I'll start local—as one always should—with Philly Beer Scene Magazine, Joe Six Pack, and Drink Philly. Philly Beer Scene Magazine is the only print publication in Philadelphia exclusively dedicated to craft beer, and can be found in bars, homebrew shops, and of course online. They cover every aspect of Philadelphia beer, from restaurants, new shops, to homebrewing. There isn't much to say about Joe Sixpack that hasn't been said a thousand times. The man has helped bring craft beer into the spotlight in this city and his weekly newsletter is an invaluable resource for finding new and interesting beer. Go to his site, sign up for his news letter, drink what the man tells you to. It's as simple as that. Drink Philly is a site dedicated to all things drinking and has an excellent beer review section.

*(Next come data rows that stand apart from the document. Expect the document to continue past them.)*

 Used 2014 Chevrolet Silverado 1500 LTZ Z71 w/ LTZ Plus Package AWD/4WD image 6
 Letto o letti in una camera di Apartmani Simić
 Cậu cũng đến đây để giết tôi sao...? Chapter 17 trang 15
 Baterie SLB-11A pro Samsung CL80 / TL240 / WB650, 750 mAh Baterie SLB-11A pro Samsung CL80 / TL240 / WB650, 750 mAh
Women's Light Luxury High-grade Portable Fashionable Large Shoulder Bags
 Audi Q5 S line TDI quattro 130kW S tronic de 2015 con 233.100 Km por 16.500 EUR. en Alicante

It does not pay to brew in a vacuum, and the internet is full of places for the aspiring homebrewer to find like minded folks and tons of information. Unfortunately not all of it is helpful. Google is a great place to start, but there are also some established sites and forums that are incredibly helpful. Homebrew Talk is a forum that I swear by. This site has prevented me from panicking when my first brew didn't start bubbling away in what I thought was an acceptable amount of time, provided me with ideas for brew day substitutions when I didn't buy enough chocolate malt, and is currently helping me pick out a site to buy a kegerator conversion kit. The Brewing Network started out as one man's mission to quit his job and talk about beer and has grown into a full blown podcast network with shows that range from cloning popular craft beers to five guys getting drunk with the owners of craft breweries. Some of the best and most respected home brewers contribute to weekly podcasts as well as actively contribute to the forum. I recommend starting with the Sunday Session episode featuring Shmaltz Brewing Company and then downloading the entire library.

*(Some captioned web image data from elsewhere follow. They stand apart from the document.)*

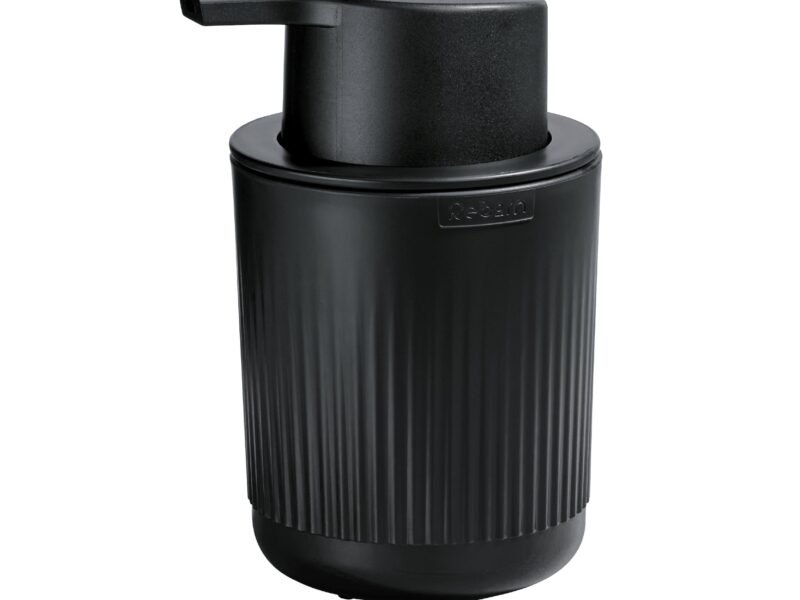 Soap Dispenser By ReBorn | Colour: Graphite Black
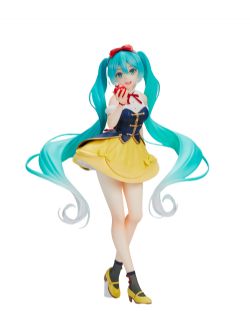 VOCALOID -  WONDERLAND HATSUNE MIKU FIGURE - SNOW WHITE VERSION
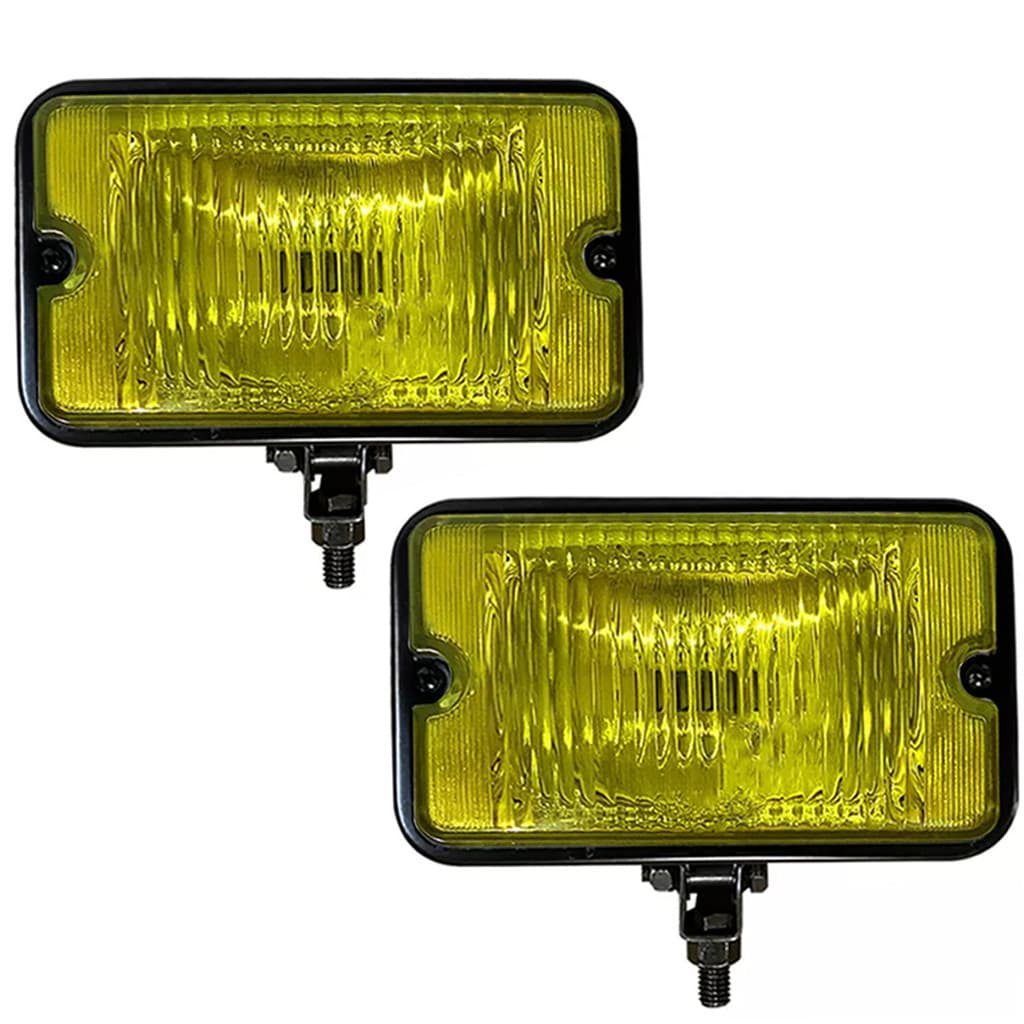 Farois Milha Fortluz Modelo Cibie Serra I I Amarelo
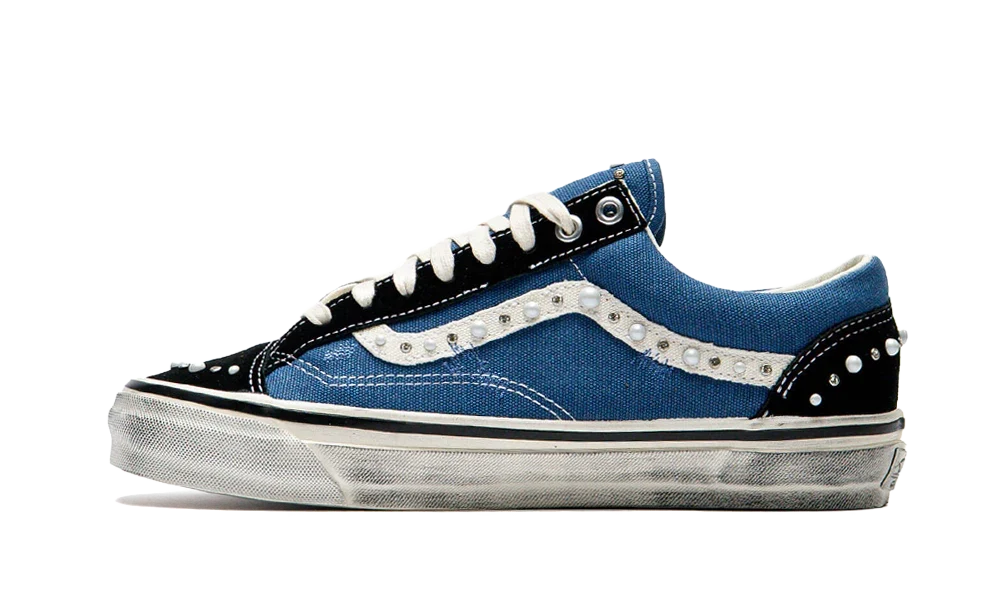 Vans LX Old Skool 36 Pearlized Navy Black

Before the internet there existed an amazing invention called books. Often more trustworthy then the random ranting and ravings of complete strangers claiming to be experts because they saw a thing that one time, these rectangular objects made of dead trees were the main source of information. These strange objects still exist and are worth your time and money, and can often be acquired in digital form as well. John Palmer's How to Brew is an amazing resource for homebrewers of all levels. Brewing Classic Styles, a collaboration between Mr. Palmer and Jamil Zainasheff, will help all grain and extract brewers gain a better grasp of the many beer styles that exits as they brew their way through the collection. Want to know more about yeast and fermentation? Pick up Yeast: The Practical Guide to Beer Fermentation, by Chris White with Jamil Zainasheff. Home Sweet Homebrew has a a great bookrack set up in the back of the store if you want more suggestions.

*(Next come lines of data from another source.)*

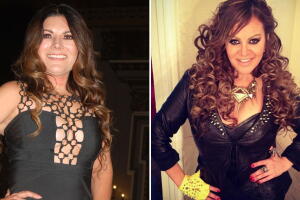 Diana Reyes y Jenni Rivera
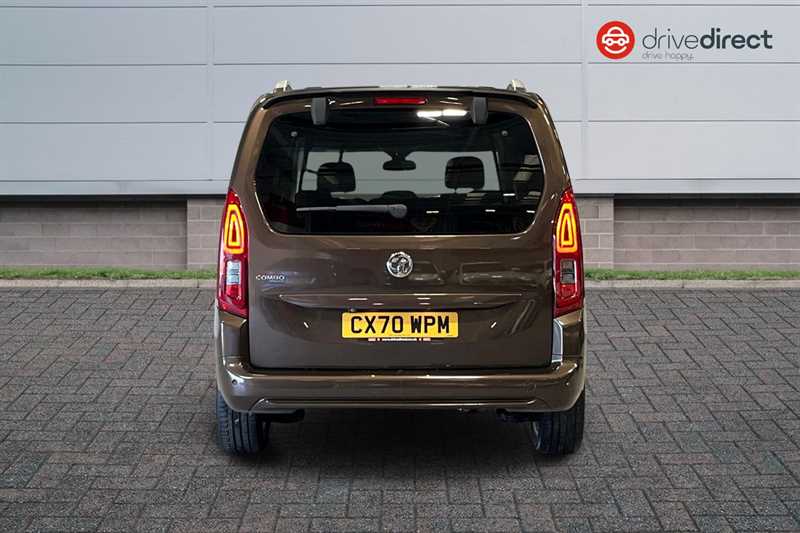 Used Vauxhall Combo Life 2020 for sale - 77929481: Photo 4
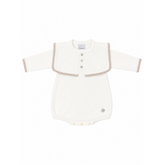 Artesania Granlei Artesania Granlei AW26 Romper - 226-451CA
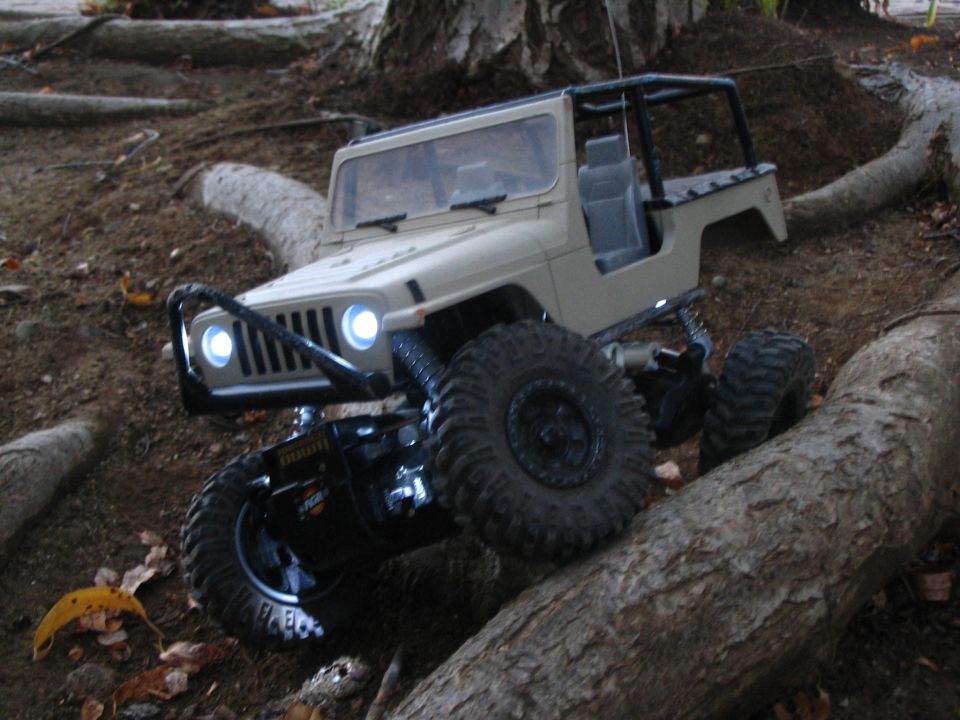 more flexing...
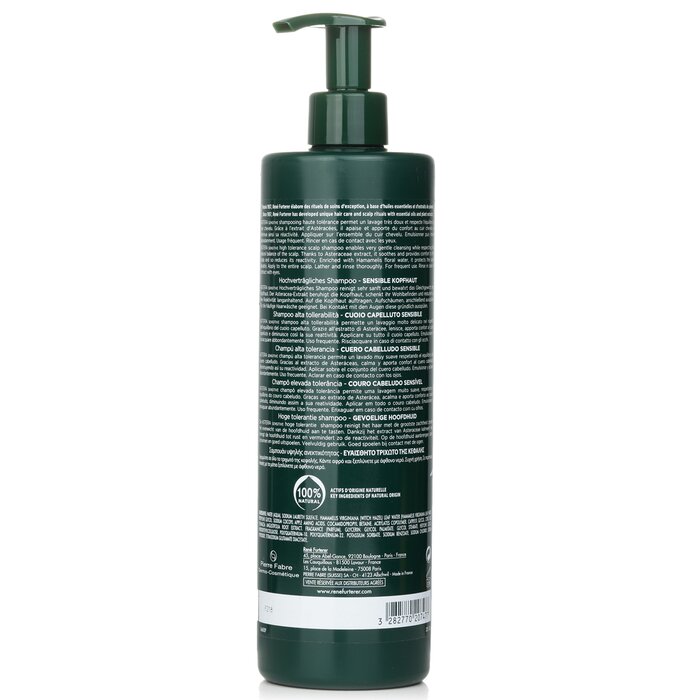 ルネ フルトレール Rene Furterer Astera Sensitive Dermo-Protective Ritual High Tolerance Shampoo - Sensitive Scalp (Salon Product) 600ml/20.2ozProduct Thumbnail
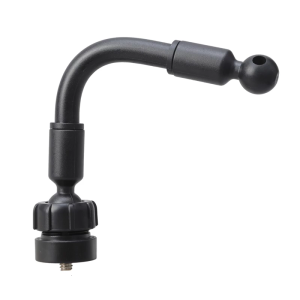 Chuyên Nghiệp khớp tròn Adapter 17Mm Để 1/4Inch Chủ Đề ống mềm giá lắp tay Cho máy ảnh của điện thoại giá ba chân Phụ Kiện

Speaking of Home Sweet Homebrew—my homebrew shop of choice—seriously, my brewing has only grown better for my time spent talking to them. George, Nancy, and Rich are great to talk to about beer, brewing, and just about anything you can think. Not only have they helped me improve my technique, my recipes, and my beer, but they have reminded me to buy gloves (thanks Nancy), helped me figure out how to work around an inability to keep my apartment heated to 70 degrees during active fermentation (it was all about the yeast), and made shopping in their store a much more pleasurable experience than anything I could have found online.Seriously, my brewing has only grown better for my time spent talking to them. Go there, talk to them, buy things, and pet two of the coolest cats around.
So that's all. Not with a whimper but with a metal cap falling to the ground, and all that fun stuff. I've had a great time writing this column and I hope you've enjoyed reading it. I'm off to make more beer.